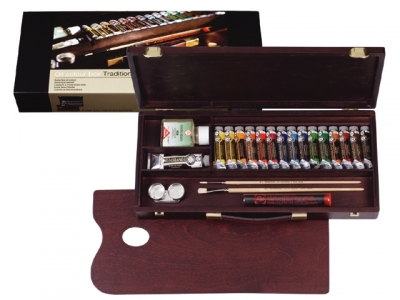 Rembrandt oil colour box Traditional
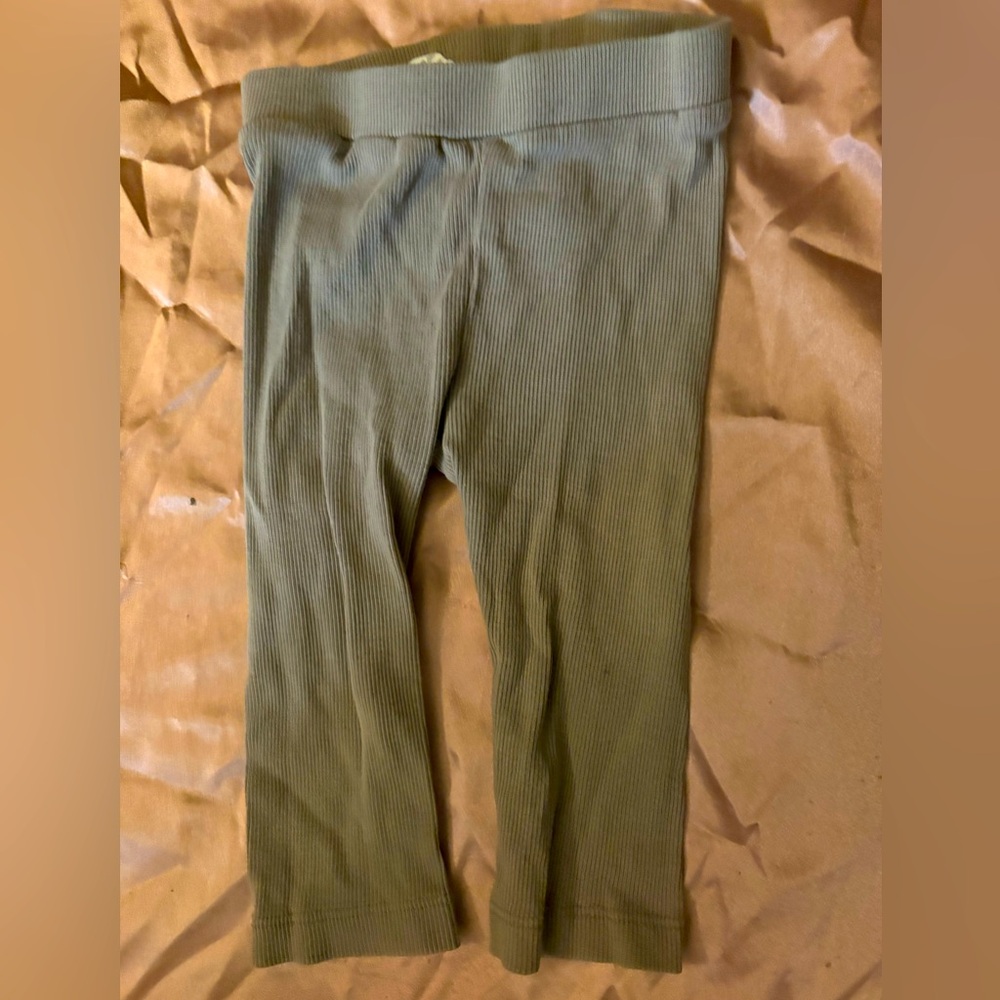 Kate Quinn Ribbed Leggings 🌵12-18 Months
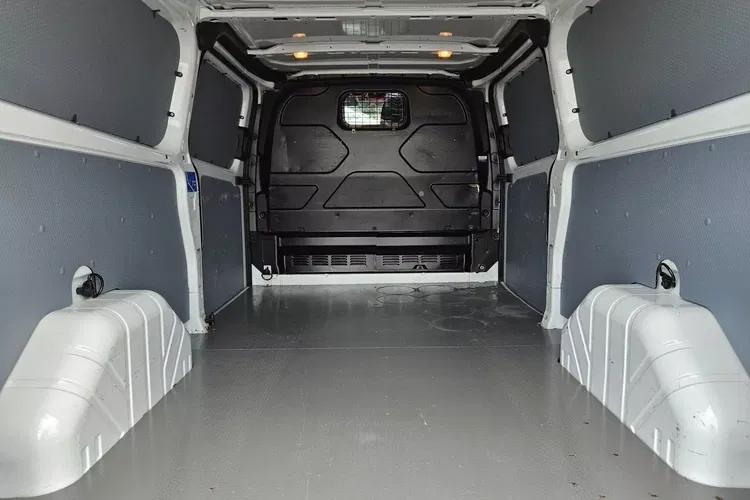 Ford transit-custom L2H1 49999zł NETTO 2.0TdCi/131KM zdjęcie 17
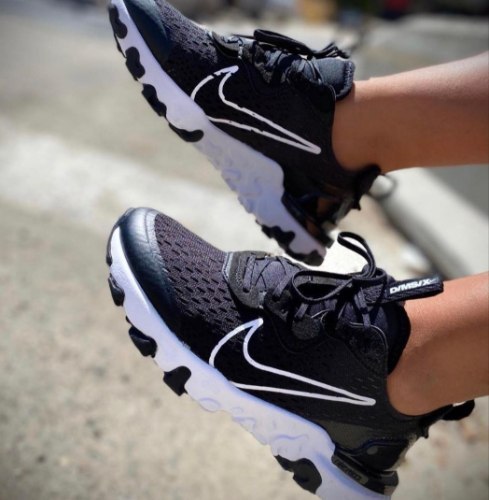 נשים | NIKE REACT VISION BLACK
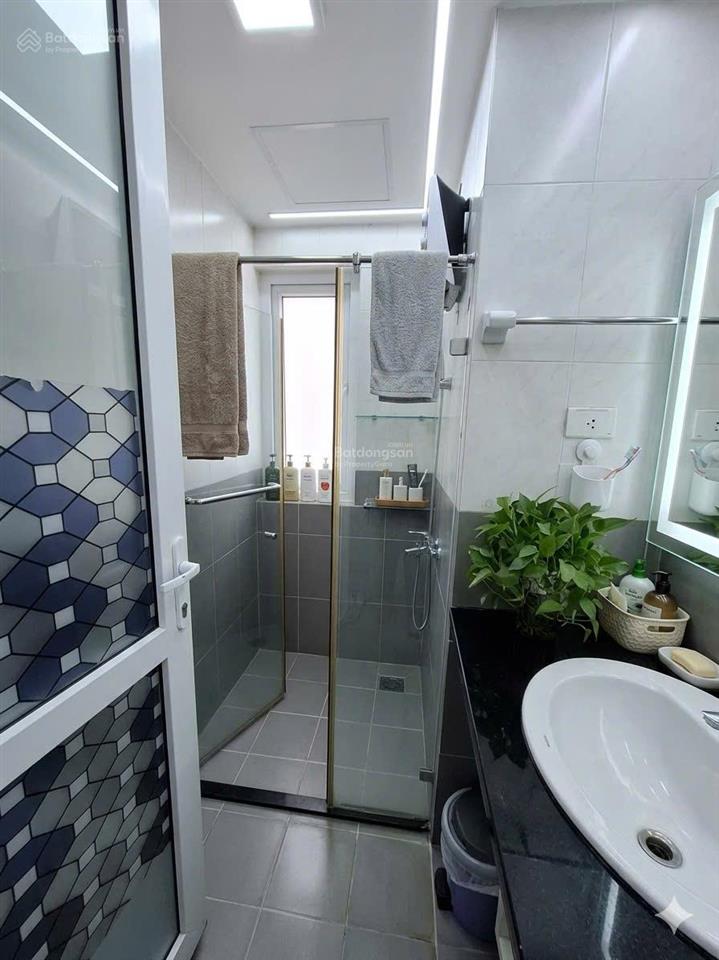Bán chung cư việt hưng 94m 3 phòng ngủ 2 wc nhà đẹp thoáng mát giá nhỉnh 5 tỷ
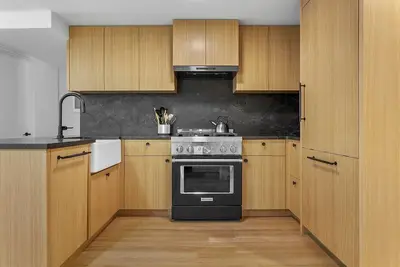 Image de Brownstone Brooklyn floor-through gem (garden level)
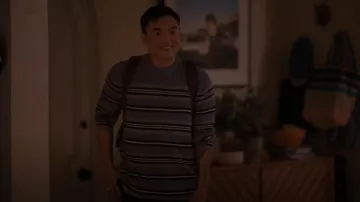 Club Monaco Striped Boucle Crewneck Sweater porté par Micah Lee (Leo Sheng) comme on le voit dans The L Word: Generation Q (S03E05)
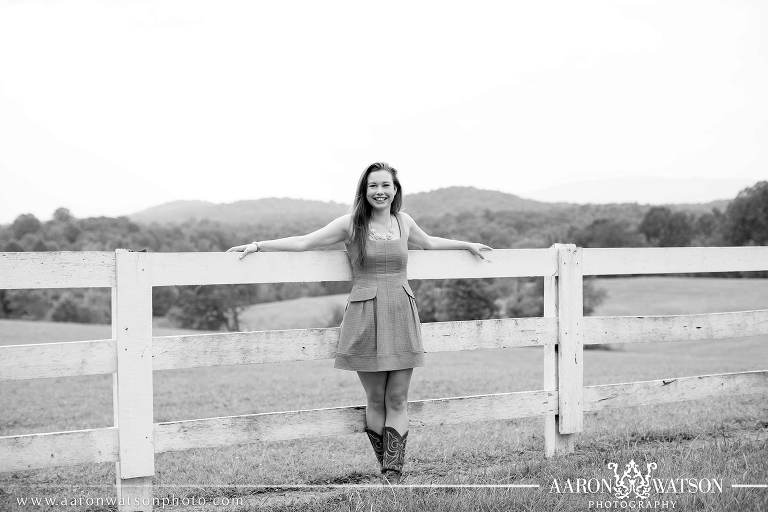 Charlottesville Senior Portrait Photographers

What you should do:
Reproduce exactly, and only, the lines from the one containing "Image de Brownstone" through the last line of the records above, both included, leaving out any pictures.

Answer to this exercise:
 Image de Brownstone Brooklyn floor-through gem (garden level)
 Club Monaco Striped Boucle Crewneck Sweater porté par Micah Lee (Leo Sheng) comme on le voit dans The L Word: Generation Q (S03E05)
 Charlottesville Senior Portrait Photographers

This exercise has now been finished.